• _What needs to be done_
From the line containing "狗狗發燒打什么針？了解治療方案與注意事項" to the last line of the listing, transcribe exactly and add nothing else; keep both ends and omit pictures.

• _Task inputs_
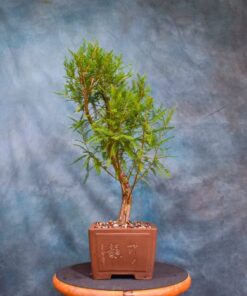 Bald Cypress Bonsai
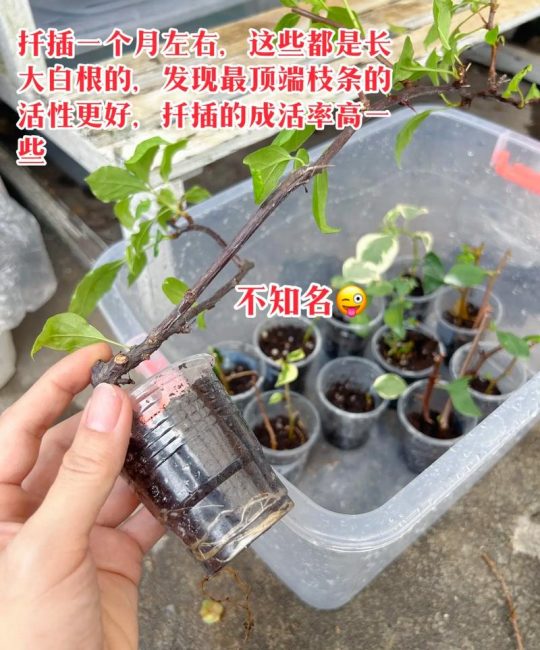 梅花扦插成活率高的关键技术指南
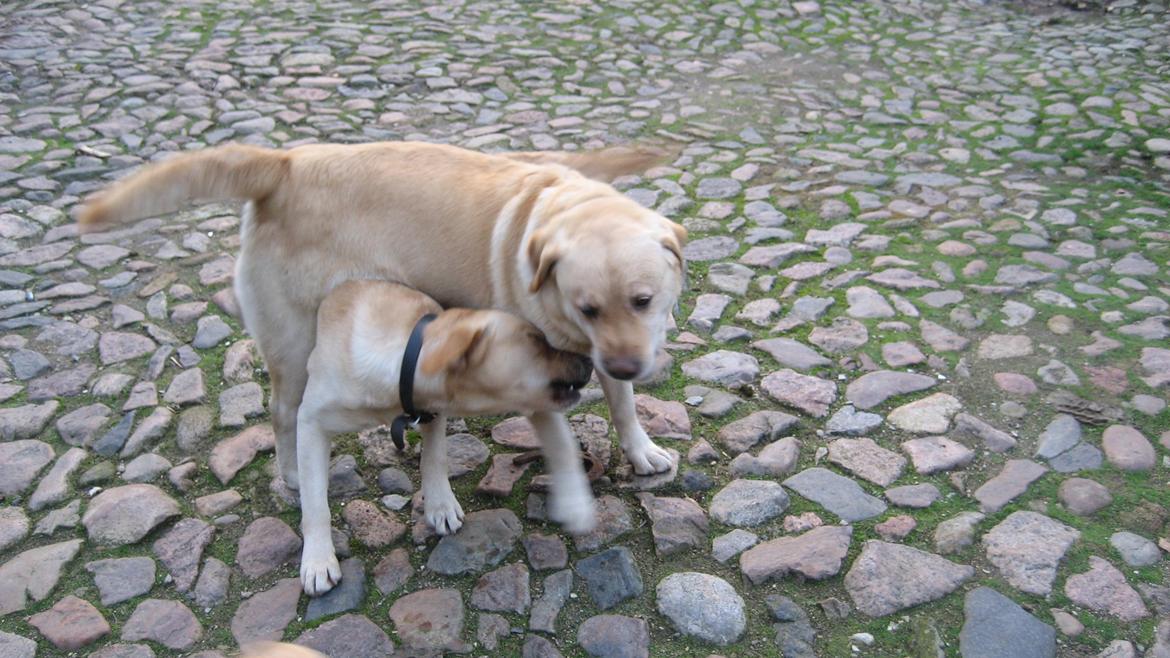 Labrador retriever Balder - Balder leger med Sniffer billede 3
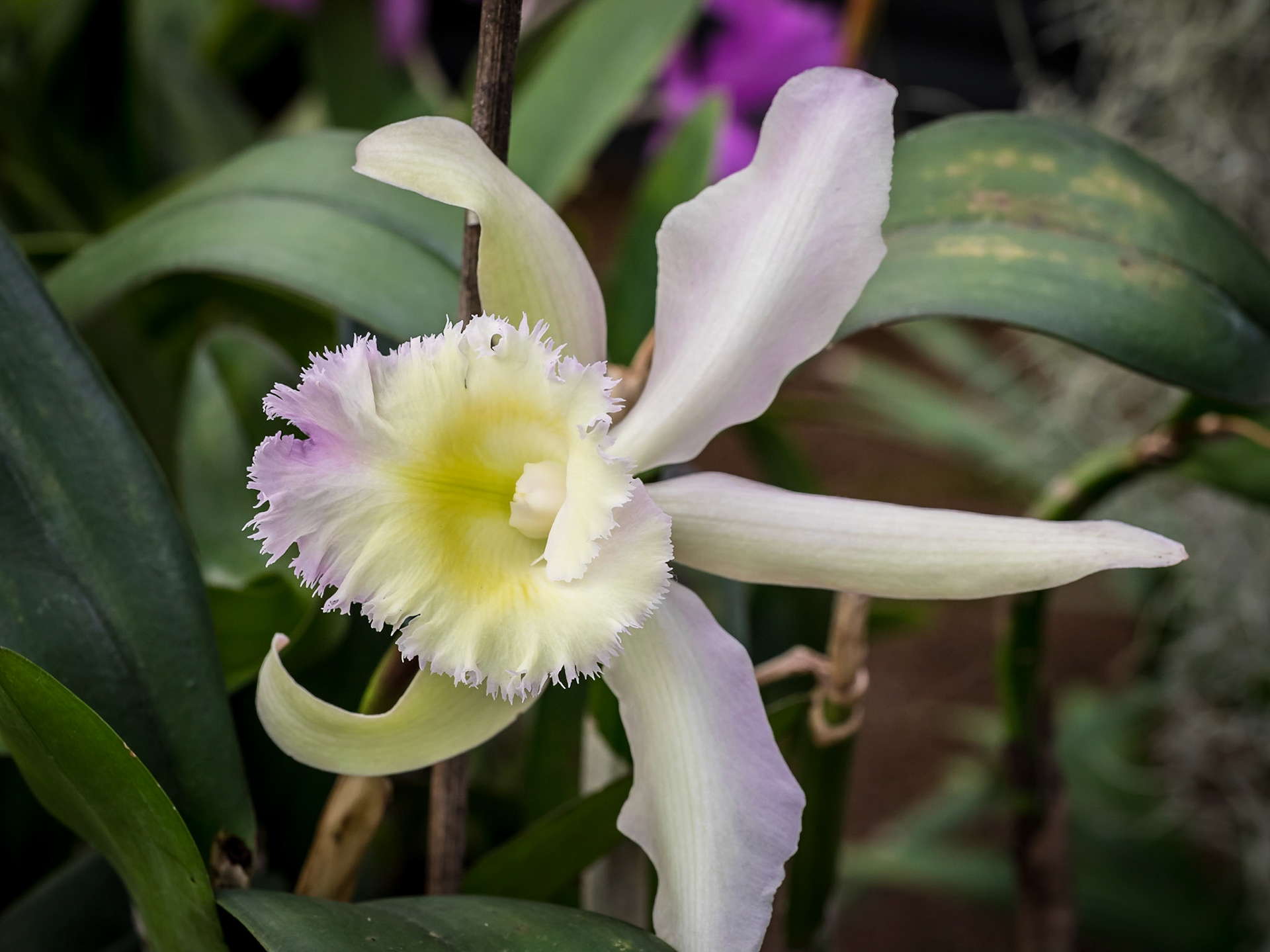 In the Orchid House, Hervey Bay Botanic Gardens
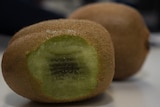 A kiwi fruit with a bite taken out of it.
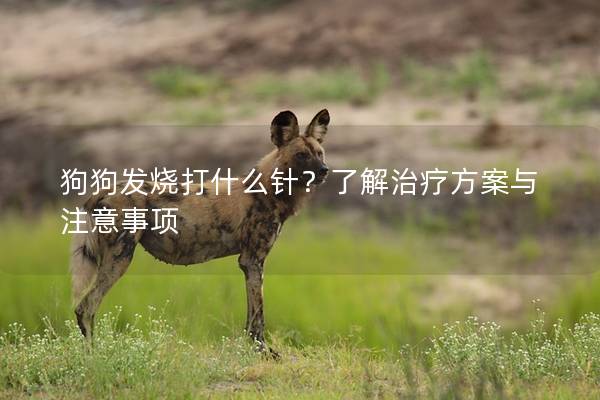 狗狗發燒打什么針？了解治療方案與注意事項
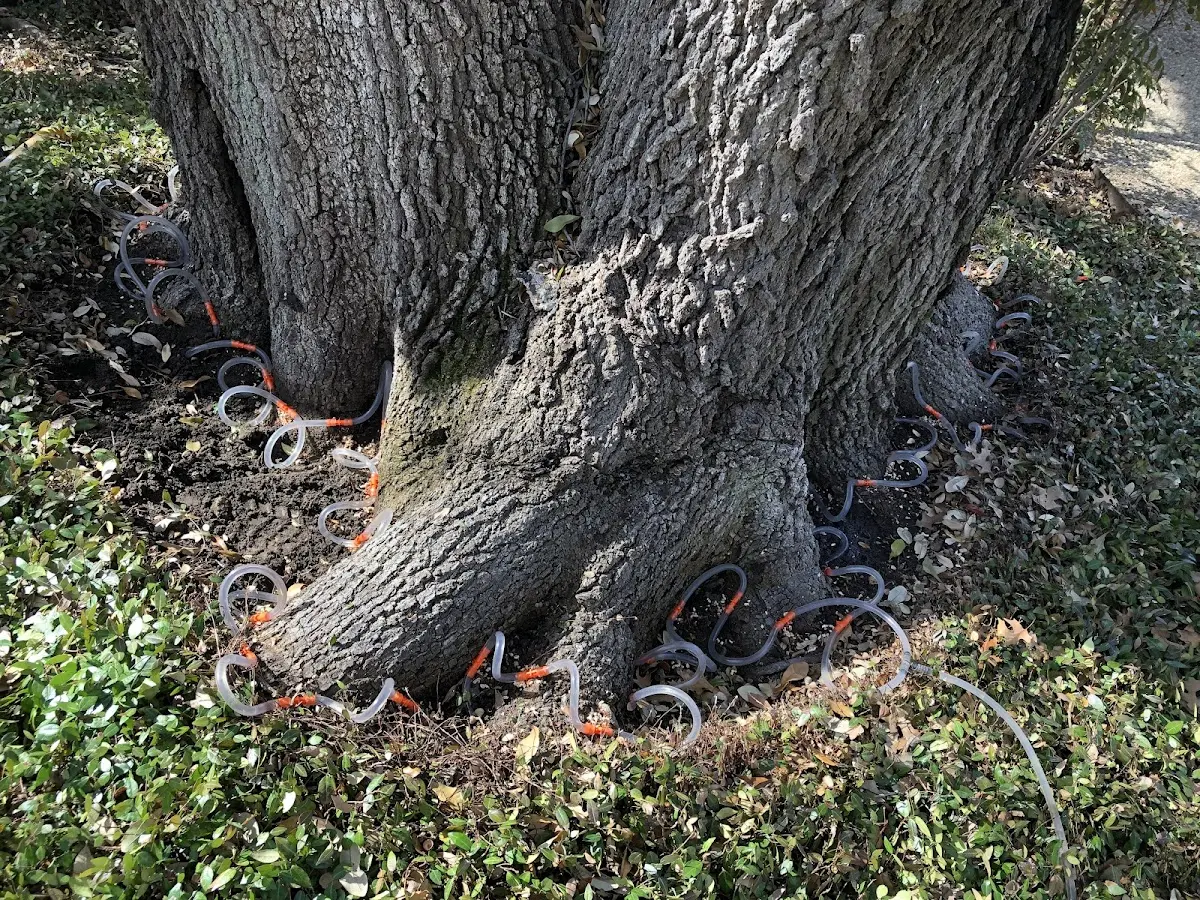 Detailed Tree Cabling and Bracing job site in Carbonado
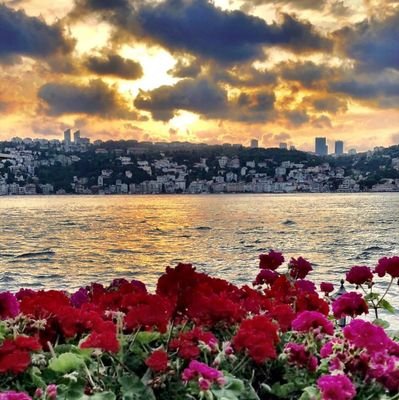 Kuşları, denizi , yakılası gemileri, papatya tarlalarını hiç terketmedim..🐦🌊⛴️🌻 🌾🌾🌾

• _Exercise response_
 狗狗發燒打什么針？了解治療方案與注意事項
 Detailed Tree Cabling and Bracing job site in Carbonado
 Kuşları, denizi , yakılası gemileri, papatya tarlalarını hiç terketmedim..🐦🌊⛴️🌻 🌾🌾🌾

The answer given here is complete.